And I said to him, I said, “What do you mean?”
“Well, it’s the practice here; it’s the law.”
I looked into his eyes, and I could see that he was pained by having to do this. I could tell it; I could smell it. For him, another black man, to be saying, “We do have this table, but we’ll have to put a screen around you”—it must have hurt.
So I said, “Well, no thank you,” and I walked away feeling for the man. Not feeling for myself, because I was getting out of there. But I was also somewhat impervious, because that wasn’t me. The me they saw and wanted to put a screen around didn’t exist to me.

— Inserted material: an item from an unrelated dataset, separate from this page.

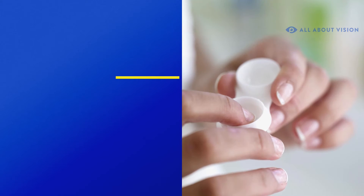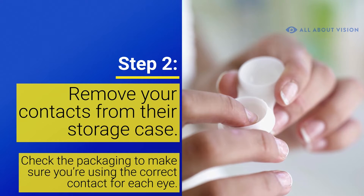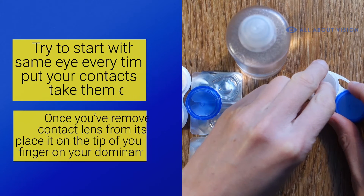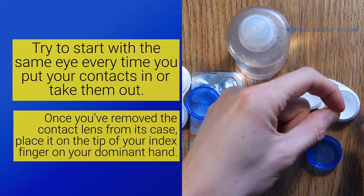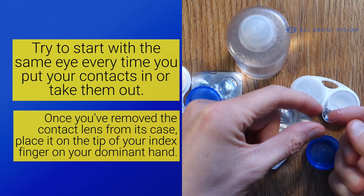Step 2. Remove your contact lenses from their storage case. If you have different prescriptions in each eye, check the packaging to make sure you're using the correct contact. Try to start with the same eye every time you put in your contacts and take them out. This way, you can't get the lenses confused with each other. Once you've removed the contact lens from its case, place it on the tip of your index finger on your dominant hand.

But did I feel some outrage? Of course. Did I feel angry? Yes, but I took it in stride—because this moment of absurdity was, in fact, so totally unremarkable. To African-Americans in 1955 this kind of insult was old hat. So I digested it, and I went on with my life to fight other battles, as I had to. But I never accommodated it.
In 1955, if the nation had cared to take an honest look, it would have seen the approaching civil rights storm kicking up dust on the horizon, coming, perhaps, to seek out the young, quiet preacher of the gospel, destined to lead the way across the difficult and painful years ahead. In fact, before 1955 had passed into history, Martin Luther King, Jr.’s, appearance on the national scene seemed to have no end in sight.
FIVE
A PATCH OF BLUE
BRENT STAPLES DID a piece in the New York Times not long ago saying that when white kids run amok, it’s time for soul-searching in America, time to figure out our ills. But the problems of black kids always remain “other” and somehow apart.

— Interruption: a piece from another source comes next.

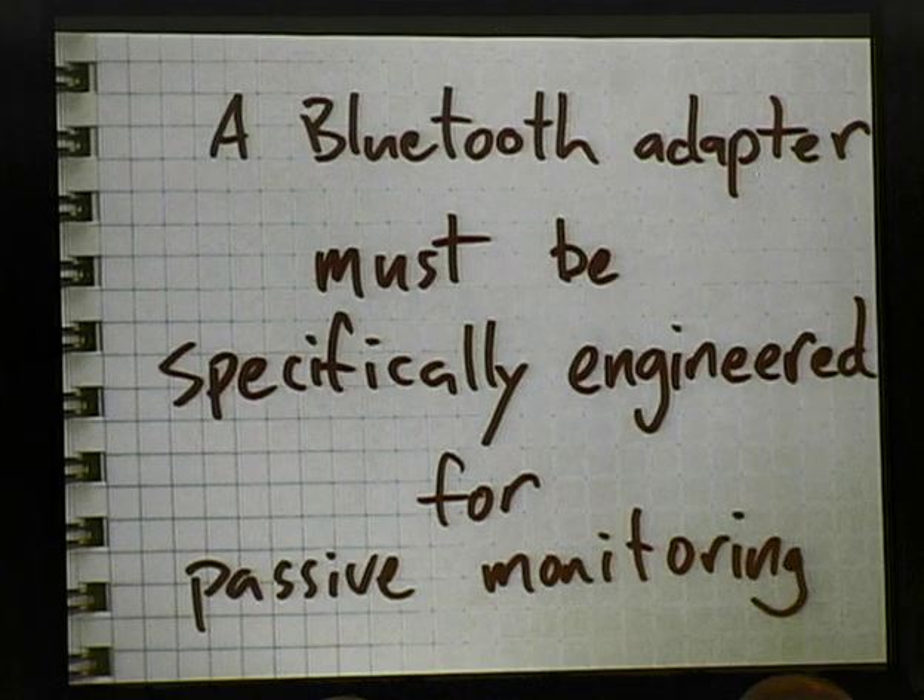How many of you guys have ever done a Wi-Fi security assessment of any kind? Keep your hand up if you think it was any good. There's one hand left in the room and it's Josh. So what do you do if you want to make sure that your Bluetooth devices are implemented in a secure fashion? Well, you can hire Josh, right? Which I strongly recommend. But wouldn't it be nice if the rest of us could do some of this kind of work too?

When we did Blackboard Jungle there were forces in the country, Clare Booth Luce among them, that described the film as un-American. They thought it was a misrepresentation of American high school education. Well, it certainly wasn’t the kind of school that Ms. Luce’s kids would have attended. There were a couple of Hispanic kids, some black kids, and all the kids were lower-income. It was a vocational school in New York City, a school for the incorrigibles and the kids who weren’t doing too well. The message coming loud and clear from these critics of our film was, “This isn’t ‘us.’” But Richard Brooks, the film’s director, had a different message: “Yes it is. This is ‘us’ too.”
The film’s theme had to do with courage and belonging. Those issues were presented within the context of how an ethnically and racially mixed class of hard-knocks kids moved and changed over time. The individuals in that classroom came to certain realizations having to do with self-perception, courage, and the abuse of power. All of these elements were very creatively orchestrated.
Further animating this already lively mix, the producer added rock and roll to the soundtrack! Let me tell you, in the mid-fifties, with my character’s alienated and uncooperative presence in that classroom challenging the authority of the teacher (but winding up an ally of his on some level), and with Bill Haley and the Comets singing “Rock Around the Clock”—well, the result was an electric jolt.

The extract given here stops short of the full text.